▸ **ABOUT THIS TASK**:
Which lines below hold the word "Earrings"? Report each one.

*** DATA PROVIDED ***

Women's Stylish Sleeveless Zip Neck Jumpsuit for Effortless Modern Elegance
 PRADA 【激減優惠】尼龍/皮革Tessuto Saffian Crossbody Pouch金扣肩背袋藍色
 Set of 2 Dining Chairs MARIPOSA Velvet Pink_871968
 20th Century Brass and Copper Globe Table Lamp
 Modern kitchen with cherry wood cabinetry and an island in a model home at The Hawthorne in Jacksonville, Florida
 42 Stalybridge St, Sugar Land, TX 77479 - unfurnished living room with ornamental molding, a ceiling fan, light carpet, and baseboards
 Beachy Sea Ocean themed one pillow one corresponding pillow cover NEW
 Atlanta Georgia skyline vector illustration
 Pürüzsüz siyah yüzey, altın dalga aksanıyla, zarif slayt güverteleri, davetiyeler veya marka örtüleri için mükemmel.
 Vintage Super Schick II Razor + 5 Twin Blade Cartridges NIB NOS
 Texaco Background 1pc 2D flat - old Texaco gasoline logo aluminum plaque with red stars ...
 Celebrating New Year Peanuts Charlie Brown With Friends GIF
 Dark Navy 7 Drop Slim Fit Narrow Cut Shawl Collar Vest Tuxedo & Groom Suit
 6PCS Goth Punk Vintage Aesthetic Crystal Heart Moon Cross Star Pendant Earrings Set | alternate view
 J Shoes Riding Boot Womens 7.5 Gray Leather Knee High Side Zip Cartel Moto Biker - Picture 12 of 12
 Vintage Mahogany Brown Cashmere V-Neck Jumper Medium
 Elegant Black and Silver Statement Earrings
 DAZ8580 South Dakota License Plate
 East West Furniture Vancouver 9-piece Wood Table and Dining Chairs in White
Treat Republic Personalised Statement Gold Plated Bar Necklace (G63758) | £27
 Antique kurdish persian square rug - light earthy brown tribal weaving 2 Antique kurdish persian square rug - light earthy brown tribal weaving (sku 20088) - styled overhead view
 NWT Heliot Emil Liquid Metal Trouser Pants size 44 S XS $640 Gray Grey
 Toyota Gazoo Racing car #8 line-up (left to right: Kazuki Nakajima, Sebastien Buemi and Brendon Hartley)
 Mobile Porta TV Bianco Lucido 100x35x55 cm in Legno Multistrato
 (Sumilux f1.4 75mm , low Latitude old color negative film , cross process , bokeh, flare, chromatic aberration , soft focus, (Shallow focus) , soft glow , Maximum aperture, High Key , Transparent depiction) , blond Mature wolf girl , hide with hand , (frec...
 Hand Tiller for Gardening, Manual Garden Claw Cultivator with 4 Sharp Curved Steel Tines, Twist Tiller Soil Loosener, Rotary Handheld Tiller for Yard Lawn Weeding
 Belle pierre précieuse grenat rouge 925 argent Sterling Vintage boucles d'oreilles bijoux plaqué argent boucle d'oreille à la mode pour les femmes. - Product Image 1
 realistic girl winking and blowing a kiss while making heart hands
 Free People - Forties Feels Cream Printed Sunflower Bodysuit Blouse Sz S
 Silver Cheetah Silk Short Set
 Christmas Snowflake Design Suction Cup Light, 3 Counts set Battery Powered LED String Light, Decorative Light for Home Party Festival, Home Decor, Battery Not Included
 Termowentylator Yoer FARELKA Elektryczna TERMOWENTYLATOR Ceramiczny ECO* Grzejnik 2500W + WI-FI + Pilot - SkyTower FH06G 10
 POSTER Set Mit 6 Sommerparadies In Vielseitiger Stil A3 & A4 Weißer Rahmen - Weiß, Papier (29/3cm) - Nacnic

*** End of DATA PROVIDED ***

▸ **ANSWER BOX**:
 6PCS Goth Punk Vintage Aesthetic Crystal Heart Moon Cross Star Pendant Earrings Set | alternate view
 Elegant Black and Silver Statement Earrings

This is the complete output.